EXCERPTED DATA -
####################

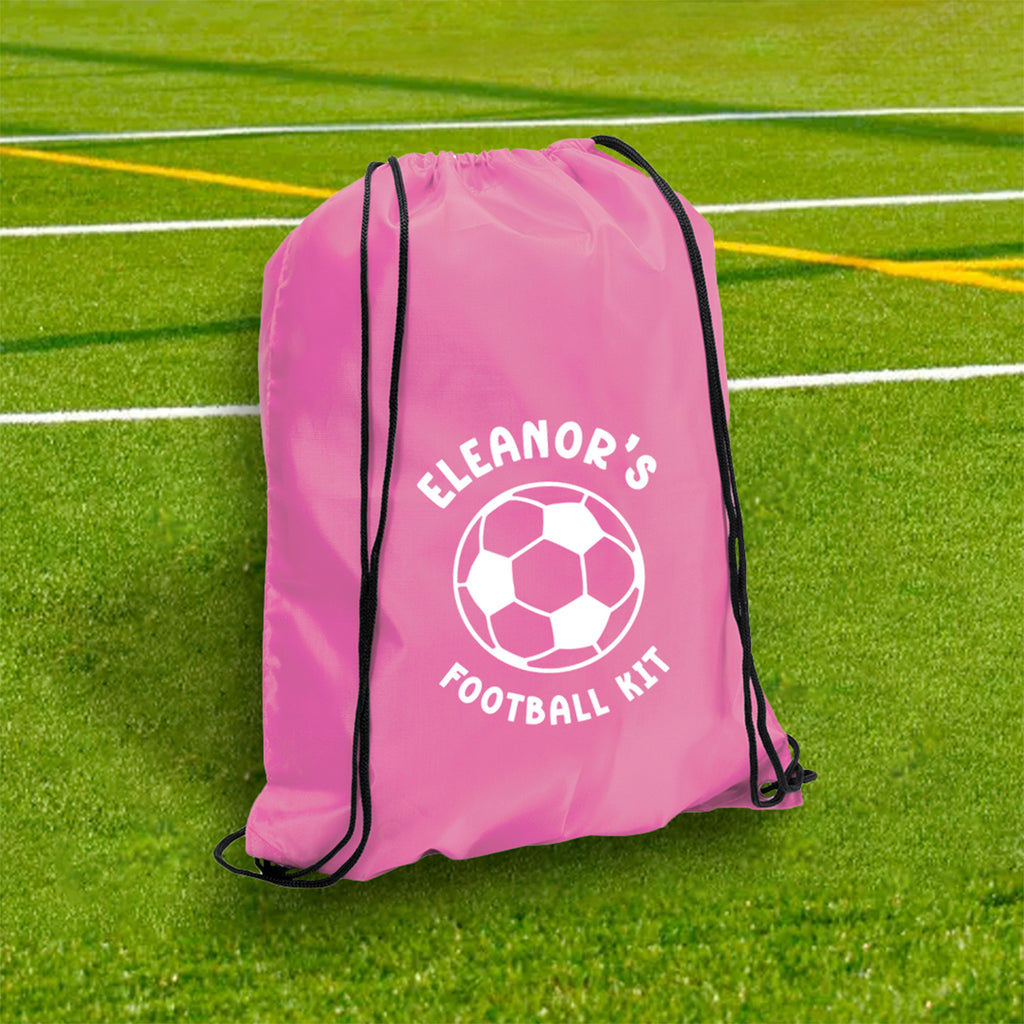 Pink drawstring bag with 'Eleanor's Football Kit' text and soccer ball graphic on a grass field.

####################

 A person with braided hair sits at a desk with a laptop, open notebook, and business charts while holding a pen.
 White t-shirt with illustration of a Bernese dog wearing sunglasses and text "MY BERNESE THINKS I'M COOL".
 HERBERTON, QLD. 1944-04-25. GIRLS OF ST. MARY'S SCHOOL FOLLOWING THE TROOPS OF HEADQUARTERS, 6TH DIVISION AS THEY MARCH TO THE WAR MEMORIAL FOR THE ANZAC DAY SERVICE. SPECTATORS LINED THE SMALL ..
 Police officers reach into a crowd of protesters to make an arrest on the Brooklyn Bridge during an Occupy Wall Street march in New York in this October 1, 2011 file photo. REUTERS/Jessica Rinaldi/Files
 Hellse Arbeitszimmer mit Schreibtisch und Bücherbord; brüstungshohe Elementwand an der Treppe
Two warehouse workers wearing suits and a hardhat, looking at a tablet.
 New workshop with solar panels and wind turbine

####################

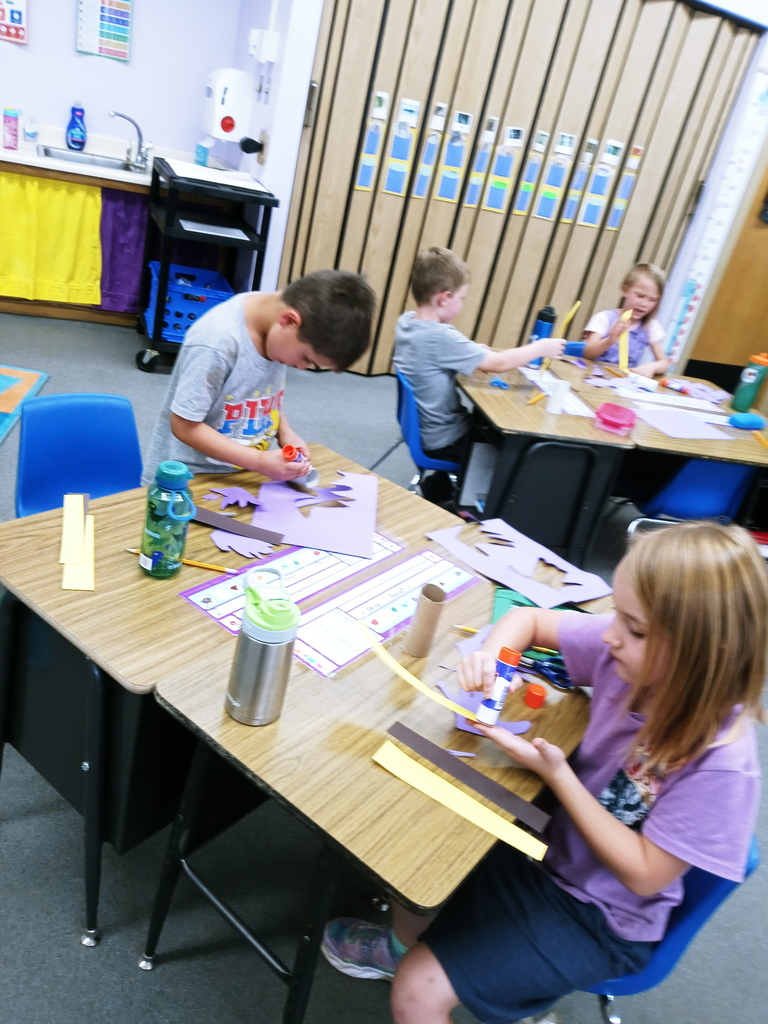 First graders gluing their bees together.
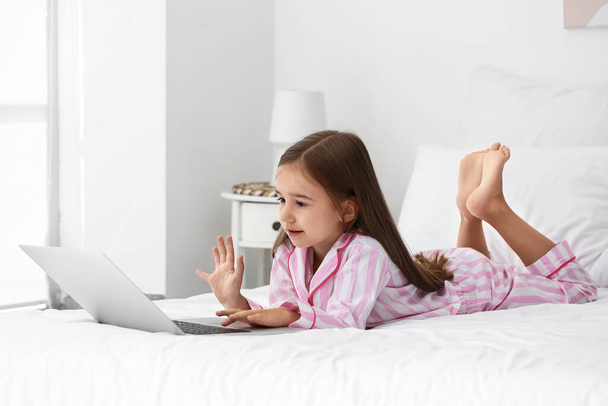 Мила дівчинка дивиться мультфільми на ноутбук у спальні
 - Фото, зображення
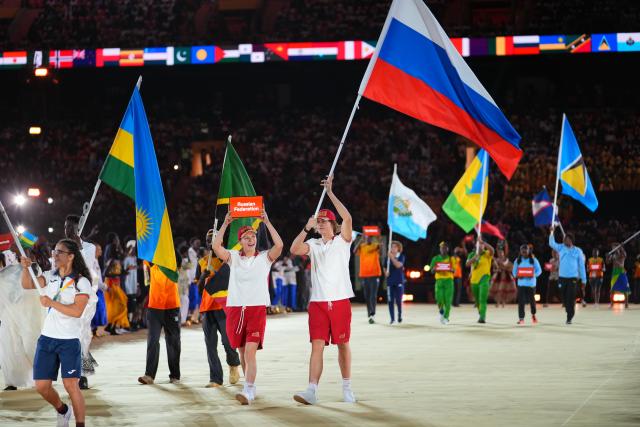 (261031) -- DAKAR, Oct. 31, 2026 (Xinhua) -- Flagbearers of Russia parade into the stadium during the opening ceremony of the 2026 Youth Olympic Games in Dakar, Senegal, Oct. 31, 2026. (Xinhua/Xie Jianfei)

####################

WORK INSTRUCTION -
Reproduce the entries above exactly, but only the lines between the line holding "A person with" and the line holding "New workshop with", inclusive.

REPLY -
 A person with braided hair sits at a desk with a laptop, open notebook, and business charts while holding a pen.
 White t-shirt with illustration of a Bernese dog wearing sunglasses and text "MY BERNESE THINKS I'M COOL".
 HERBERTON, QLD. 1944-04-25. GIRLS OF ST. MARY'S SCHOOL FOLLOWING THE TROOPS OF HEADQUARTERS, 6TH DIVISION AS THEY MARCH TO THE WAR MEMORIAL FOR THE ANZAC DAY SERVICE. SPECTATORS LINED THE SMALL ..
 Police officers reach into a crowd of protesters to make an arrest on the Brooklyn Bridge during an Occupy Wall Street march in New York in this October 1, 2011 file photo. REUTERS/Jessica Rinaldi/Files
 Hellse Arbeitszimmer mit Schreibtisch und Bücherbord; brüstungshohe Elementwand an der Treppe
Two warehouse workers wearing suits and a hardhat, looking at a tablet.
 New workshop with solar panels and wind turbine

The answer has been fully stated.